What to work on: In the entries below, find the line containing "A large crowd". Write out that line and all lines after it, exactly, and nothing else.

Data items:
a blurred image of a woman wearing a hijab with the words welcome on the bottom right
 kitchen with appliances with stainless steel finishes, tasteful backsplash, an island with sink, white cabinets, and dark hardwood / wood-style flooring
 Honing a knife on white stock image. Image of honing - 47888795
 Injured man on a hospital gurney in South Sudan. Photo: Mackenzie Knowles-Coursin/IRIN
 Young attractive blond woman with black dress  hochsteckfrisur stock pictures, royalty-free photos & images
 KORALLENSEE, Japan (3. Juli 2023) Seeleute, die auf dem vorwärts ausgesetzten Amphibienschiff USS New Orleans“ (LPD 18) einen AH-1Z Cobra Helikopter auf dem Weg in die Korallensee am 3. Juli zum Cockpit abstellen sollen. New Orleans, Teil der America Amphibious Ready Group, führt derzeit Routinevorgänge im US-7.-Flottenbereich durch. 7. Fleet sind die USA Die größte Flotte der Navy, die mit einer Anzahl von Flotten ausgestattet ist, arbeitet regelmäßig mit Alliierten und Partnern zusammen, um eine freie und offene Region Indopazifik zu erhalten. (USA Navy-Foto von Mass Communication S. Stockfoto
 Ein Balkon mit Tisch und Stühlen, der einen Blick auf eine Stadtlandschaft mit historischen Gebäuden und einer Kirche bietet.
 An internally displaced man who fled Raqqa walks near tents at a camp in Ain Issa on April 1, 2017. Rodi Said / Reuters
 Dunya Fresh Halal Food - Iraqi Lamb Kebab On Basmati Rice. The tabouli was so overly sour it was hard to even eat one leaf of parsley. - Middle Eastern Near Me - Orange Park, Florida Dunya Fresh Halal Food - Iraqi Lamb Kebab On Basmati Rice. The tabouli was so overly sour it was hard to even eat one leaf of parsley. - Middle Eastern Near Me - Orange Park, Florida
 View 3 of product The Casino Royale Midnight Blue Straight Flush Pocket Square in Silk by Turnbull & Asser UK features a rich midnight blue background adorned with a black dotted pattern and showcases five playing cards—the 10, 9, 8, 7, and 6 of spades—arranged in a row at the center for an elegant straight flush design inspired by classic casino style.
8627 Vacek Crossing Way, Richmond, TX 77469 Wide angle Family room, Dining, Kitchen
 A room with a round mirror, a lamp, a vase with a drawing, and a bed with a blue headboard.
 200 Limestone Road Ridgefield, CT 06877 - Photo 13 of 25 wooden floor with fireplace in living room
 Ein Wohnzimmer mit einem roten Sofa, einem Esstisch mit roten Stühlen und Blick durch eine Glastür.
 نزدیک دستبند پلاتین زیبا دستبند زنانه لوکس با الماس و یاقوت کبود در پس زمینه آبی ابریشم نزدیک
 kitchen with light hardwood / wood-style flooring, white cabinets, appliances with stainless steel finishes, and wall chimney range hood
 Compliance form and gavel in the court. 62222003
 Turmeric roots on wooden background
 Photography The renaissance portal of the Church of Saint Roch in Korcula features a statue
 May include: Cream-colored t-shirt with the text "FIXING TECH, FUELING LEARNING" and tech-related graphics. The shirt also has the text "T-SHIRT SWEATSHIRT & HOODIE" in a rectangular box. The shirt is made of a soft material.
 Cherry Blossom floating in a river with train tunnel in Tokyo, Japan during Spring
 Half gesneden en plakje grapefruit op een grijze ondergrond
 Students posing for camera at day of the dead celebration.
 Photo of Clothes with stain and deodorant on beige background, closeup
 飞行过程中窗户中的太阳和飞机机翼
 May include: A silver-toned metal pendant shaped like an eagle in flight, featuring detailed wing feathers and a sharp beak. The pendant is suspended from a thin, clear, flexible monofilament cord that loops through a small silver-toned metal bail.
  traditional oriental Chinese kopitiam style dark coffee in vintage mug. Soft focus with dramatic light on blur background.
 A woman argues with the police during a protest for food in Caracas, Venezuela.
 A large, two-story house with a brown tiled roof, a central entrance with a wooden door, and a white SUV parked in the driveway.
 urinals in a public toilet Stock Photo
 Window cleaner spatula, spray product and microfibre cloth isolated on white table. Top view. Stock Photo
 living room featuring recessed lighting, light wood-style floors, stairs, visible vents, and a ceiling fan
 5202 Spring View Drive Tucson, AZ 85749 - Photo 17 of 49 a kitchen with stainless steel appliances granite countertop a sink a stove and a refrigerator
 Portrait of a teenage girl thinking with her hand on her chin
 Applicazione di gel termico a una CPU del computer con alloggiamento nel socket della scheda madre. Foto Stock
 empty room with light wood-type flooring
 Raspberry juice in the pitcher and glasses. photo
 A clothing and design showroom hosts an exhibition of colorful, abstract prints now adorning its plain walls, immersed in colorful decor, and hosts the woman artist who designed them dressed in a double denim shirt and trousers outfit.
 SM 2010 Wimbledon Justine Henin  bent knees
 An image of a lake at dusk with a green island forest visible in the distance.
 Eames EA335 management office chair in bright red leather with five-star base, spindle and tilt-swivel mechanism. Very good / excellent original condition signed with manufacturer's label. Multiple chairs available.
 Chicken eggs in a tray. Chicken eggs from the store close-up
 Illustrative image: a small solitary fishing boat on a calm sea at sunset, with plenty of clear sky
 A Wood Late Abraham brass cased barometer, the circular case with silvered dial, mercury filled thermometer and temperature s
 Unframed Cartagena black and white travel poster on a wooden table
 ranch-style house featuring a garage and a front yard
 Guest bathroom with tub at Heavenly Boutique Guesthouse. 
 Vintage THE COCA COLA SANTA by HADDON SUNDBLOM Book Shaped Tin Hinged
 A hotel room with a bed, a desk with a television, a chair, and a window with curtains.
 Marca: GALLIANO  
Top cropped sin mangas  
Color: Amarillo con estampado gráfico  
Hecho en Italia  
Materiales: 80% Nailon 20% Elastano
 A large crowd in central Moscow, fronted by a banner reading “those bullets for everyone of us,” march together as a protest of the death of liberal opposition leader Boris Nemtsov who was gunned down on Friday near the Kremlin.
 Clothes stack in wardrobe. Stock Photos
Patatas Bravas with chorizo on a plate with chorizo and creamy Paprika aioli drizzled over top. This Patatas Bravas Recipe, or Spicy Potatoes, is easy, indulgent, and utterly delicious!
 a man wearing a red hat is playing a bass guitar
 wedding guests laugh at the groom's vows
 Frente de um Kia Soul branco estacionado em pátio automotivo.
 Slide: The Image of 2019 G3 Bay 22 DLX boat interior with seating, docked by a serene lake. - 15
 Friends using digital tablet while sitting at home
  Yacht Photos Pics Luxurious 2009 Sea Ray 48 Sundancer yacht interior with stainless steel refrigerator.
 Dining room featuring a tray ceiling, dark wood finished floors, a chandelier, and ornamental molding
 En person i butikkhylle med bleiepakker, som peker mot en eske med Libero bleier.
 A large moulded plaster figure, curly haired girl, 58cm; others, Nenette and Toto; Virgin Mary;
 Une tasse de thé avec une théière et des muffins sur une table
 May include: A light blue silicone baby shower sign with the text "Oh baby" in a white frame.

Task response:
 A large crowd in central Moscow, fronted by a banner reading “those bullets for everyone of us,” march together as a protest of the death of liberal opposition leader Boris Nemtsov who was gunned down on Friday near the Kremlin.
 Clothes stack in wardrobe. Stock Photos
Patatas Bravas with chorizo on a plate with chorizo and creamy Paprika aioli drizzled over top. This Patatas Bravas Recipe, or Spicy Potatoes, is easy, indulgent, and utterly delicious!
 a man wearing a red hat is playing a bass guitar
 wedding guests laugh at the groom's vows
 Frente de um Kia Soul branco estacionado em pátio automotivo.
 Slide: The Image of 2019 G3 Bay 22 DLX boat interior with seating, docked by a serene lake. - 15
 Friends using digital tablet while sitting at home
  Yacht Photos Pics Luxurious 2009 Sea Ray 48 Sundancer yacht interior with stainless steel refrigerator.
 Dining room featuring a tray ceiling, dark wood finished floors, a chandelier, and ornamental molding
 En person i butikkhylle med bleiepakker, som peker mot en eske med Libero bleier.
 A large moulded plaster figure, curly haired girl, 58cm; others, Nenette and Toto; Virgin Mary;
 Une tasse de thé avec une théière et des muffins sur une table
 May include: A light blue silicone baby shower sign with the text "Oh baby" in a white frame.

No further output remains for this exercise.